• Task item:
Please retype the data below line for line and leave out every picture.
___ Given data
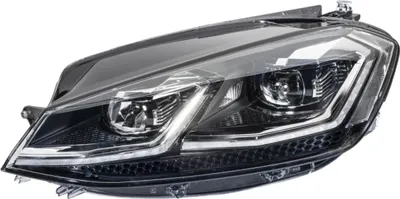 Produktbild von Hella LED Scheinwerfer links für VW Golf 7 ab 11/2016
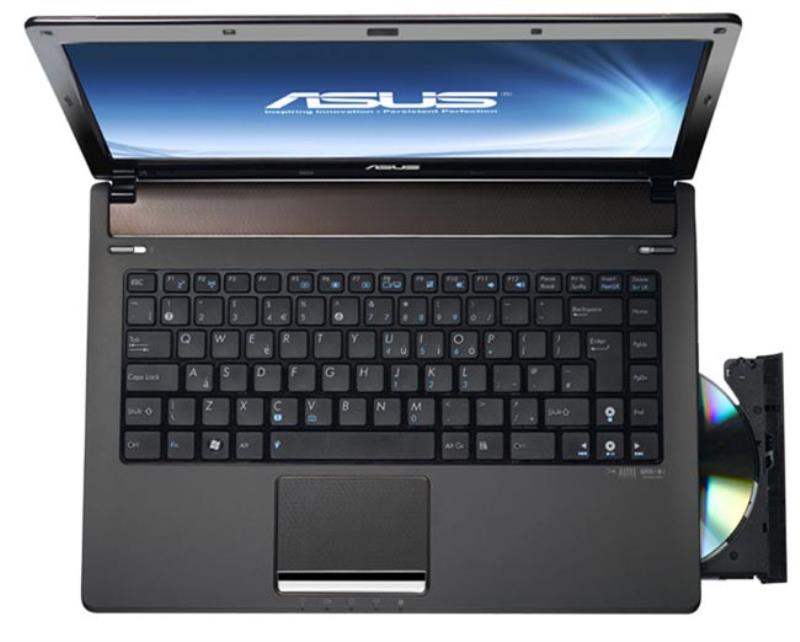 لپ تاپ Asus n82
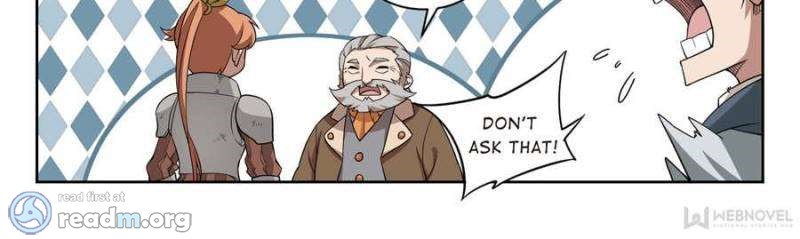 Virtual World: Close Combat Mage chapter 72 page 21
______
• Worked solution:
 Produktbild von Hella LED Scheinwerfer links für VW Golf 7 ab 11/2016
 لپ تاپ Asus n82
 Virtual World: Close Combat Mage chapter 72 page 21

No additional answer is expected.